Dynamics of submerged growth of Mycobacterium tuberculosis under aerobic and microaerophilic conditions.


When Mycobacterium tuberculosis is grown in detergent-containing medium under continous agitation, multiplication is known to follow a logarithmic mode. When the cultures are not continuously shaken, but only agitated a few times a week to resuspend the bacilli and permit turbidity to be measured, the net increase suggests an arithmetic growth mode.

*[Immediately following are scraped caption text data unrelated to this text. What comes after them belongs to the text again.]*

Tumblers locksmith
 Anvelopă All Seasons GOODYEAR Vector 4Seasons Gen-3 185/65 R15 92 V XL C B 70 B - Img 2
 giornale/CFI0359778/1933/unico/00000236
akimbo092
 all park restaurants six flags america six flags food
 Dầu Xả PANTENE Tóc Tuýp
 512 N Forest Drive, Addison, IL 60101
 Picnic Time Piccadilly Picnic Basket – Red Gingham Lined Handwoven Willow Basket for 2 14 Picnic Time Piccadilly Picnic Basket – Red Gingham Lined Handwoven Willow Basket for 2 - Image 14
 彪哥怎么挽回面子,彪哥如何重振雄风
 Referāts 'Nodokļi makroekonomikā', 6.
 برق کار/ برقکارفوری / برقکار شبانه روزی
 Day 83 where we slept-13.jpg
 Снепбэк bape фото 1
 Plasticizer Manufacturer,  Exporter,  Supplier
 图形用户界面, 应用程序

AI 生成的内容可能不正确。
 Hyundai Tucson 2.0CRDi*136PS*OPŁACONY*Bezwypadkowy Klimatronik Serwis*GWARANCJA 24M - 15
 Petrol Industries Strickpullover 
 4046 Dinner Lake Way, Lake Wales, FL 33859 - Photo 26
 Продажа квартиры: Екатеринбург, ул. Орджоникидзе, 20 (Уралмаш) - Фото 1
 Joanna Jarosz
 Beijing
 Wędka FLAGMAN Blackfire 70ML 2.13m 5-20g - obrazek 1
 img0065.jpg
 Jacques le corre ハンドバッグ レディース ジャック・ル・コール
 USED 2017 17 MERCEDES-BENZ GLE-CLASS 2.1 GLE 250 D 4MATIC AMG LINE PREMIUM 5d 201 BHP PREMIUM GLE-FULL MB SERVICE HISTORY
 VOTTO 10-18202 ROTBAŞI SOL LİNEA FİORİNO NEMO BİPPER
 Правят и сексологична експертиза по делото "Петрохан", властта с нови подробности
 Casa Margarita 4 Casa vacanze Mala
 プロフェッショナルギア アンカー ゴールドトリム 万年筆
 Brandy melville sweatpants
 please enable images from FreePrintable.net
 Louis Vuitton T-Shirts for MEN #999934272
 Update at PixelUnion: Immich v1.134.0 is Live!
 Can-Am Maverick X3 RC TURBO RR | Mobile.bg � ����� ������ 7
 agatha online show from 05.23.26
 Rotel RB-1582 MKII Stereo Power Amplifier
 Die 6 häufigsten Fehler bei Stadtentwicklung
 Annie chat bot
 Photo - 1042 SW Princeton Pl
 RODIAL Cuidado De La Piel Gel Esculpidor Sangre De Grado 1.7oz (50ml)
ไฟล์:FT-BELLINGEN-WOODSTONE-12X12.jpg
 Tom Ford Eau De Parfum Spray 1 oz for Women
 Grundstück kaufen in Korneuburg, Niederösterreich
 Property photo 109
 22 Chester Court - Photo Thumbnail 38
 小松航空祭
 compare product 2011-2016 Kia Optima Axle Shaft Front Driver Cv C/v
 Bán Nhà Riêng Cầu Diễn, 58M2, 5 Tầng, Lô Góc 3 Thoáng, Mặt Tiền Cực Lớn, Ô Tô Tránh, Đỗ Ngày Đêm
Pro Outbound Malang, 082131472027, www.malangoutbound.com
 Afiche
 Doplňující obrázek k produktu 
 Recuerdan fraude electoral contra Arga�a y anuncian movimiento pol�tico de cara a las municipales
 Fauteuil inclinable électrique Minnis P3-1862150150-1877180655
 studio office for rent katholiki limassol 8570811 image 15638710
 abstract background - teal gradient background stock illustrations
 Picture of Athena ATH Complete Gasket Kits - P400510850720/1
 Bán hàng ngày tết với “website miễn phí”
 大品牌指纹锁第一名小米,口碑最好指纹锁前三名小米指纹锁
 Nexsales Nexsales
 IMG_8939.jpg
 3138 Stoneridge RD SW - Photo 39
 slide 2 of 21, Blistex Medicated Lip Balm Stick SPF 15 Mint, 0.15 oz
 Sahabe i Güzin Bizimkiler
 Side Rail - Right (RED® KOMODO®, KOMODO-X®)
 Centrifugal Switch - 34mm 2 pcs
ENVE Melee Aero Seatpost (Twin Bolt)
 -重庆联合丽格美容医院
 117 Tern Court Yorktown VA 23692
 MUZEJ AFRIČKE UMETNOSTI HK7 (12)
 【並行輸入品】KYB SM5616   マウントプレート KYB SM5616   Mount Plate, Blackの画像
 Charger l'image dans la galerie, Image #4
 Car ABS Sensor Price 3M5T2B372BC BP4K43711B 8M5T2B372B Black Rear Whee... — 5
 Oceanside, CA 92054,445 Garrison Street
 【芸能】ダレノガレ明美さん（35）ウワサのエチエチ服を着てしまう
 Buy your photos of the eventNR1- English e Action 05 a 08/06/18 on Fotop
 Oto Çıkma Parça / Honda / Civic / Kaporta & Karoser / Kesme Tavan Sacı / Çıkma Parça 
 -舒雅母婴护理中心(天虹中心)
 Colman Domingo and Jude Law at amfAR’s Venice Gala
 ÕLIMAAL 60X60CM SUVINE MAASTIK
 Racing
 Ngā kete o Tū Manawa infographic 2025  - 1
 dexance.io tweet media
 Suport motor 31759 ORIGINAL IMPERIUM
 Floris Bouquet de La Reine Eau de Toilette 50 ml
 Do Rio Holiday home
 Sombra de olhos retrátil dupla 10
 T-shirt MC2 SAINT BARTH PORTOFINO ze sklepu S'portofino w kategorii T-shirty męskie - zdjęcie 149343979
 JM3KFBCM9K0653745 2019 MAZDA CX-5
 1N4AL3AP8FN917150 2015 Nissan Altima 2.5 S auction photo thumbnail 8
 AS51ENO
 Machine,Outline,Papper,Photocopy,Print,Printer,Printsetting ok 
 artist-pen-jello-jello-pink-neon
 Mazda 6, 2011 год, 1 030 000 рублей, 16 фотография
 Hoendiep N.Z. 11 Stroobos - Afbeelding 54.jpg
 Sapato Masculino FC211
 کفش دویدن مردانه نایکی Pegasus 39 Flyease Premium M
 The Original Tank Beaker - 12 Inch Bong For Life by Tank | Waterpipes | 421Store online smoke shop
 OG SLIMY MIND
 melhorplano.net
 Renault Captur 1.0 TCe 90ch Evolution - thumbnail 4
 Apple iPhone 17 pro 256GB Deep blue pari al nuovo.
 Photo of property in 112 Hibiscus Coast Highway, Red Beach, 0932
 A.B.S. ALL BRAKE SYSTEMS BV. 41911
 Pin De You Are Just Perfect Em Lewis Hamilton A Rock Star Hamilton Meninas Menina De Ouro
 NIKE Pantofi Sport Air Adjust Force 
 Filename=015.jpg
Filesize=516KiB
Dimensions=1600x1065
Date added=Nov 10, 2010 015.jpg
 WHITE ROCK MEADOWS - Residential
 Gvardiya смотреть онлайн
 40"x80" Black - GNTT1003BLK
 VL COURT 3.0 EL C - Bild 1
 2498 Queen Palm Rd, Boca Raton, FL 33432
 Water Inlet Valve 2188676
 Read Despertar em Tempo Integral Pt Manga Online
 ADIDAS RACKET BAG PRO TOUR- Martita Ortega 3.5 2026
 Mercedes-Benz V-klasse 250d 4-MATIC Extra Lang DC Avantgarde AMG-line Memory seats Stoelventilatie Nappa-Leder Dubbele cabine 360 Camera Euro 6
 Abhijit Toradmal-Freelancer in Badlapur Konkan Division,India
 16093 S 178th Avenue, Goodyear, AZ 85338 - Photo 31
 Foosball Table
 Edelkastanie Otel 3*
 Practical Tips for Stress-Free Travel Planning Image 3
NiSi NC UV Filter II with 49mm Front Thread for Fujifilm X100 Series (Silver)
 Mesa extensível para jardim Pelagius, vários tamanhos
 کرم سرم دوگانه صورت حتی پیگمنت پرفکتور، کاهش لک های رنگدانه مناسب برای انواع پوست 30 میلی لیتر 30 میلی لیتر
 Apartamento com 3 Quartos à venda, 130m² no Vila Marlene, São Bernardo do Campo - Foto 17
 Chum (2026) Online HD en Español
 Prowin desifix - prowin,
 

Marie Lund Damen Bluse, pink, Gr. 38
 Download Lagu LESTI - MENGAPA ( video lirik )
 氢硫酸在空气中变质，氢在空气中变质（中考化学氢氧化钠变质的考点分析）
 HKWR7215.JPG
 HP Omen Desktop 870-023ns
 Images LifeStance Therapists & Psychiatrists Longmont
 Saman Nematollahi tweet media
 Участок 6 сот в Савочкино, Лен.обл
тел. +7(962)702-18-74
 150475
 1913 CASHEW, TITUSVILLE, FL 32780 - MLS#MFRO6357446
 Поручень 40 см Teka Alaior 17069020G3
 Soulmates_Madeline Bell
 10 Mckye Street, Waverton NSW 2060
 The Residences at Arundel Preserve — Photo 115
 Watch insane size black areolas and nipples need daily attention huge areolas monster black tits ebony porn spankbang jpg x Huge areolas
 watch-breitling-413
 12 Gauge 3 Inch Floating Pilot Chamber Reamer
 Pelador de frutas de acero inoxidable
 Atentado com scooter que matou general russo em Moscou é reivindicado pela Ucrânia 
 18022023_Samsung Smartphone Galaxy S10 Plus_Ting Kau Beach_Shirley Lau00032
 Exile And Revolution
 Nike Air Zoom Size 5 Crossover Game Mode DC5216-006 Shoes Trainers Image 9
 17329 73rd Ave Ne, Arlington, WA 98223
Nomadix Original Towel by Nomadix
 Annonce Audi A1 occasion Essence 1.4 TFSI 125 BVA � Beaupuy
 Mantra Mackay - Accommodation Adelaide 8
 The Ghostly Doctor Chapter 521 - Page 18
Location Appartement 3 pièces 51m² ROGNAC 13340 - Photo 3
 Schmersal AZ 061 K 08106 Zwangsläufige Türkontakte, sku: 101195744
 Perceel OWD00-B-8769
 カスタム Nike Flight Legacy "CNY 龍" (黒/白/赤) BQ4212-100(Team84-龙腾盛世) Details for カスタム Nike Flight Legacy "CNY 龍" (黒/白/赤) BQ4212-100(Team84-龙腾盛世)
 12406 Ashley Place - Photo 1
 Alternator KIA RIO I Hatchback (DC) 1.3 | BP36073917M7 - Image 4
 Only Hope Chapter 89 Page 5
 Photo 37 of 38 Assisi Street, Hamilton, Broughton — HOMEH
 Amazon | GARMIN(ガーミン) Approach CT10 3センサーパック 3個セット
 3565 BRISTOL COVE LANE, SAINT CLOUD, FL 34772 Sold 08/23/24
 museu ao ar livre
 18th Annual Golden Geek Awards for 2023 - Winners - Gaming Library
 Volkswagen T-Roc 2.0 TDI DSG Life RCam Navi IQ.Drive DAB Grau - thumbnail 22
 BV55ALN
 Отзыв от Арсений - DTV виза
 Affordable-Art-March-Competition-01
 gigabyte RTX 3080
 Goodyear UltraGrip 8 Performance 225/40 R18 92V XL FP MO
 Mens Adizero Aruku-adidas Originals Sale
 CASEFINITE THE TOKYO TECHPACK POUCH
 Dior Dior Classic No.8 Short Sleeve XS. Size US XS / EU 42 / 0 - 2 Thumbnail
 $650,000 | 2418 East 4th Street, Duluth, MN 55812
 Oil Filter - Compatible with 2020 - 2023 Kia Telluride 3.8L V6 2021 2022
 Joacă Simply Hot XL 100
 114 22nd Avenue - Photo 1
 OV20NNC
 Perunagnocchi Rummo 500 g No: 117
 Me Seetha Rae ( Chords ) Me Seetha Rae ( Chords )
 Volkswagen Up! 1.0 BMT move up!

It is shown here that a single pulse of aeration of an unshaken submerged culture of M. tuberculosis causes an almost instantaneous acceleration of growth, followed rapidly by a cessation of growth. Whether or not the bacilli will subsequently resume growth depends on the bacillary population density of the cuture at the time of application of the pulse of aeration. If the bacilli are permitted to grow in the depths of Dubos Tween Albumin broth without any agitation, they exhibit net arithmetic growth and attain a maximal population density greater than is seen in cultures exposed to occasional pulses of aeration. By the use of isotopically labeled cells, it has been shown that replication occurs ar a logarithmic rate amoung the small proportion of the bacilli that remain suspended in nonagitated cultures. This replication is balanced by settling of cells, resulting in a net appearance of arithmetic multiplication. The cells that have settled into the sediment replicate at a very slow rate, if at all, but do retain their viability for 4 weeks or longer. This suggests a possible analogy to quiescent tubercle bacilli in vivo.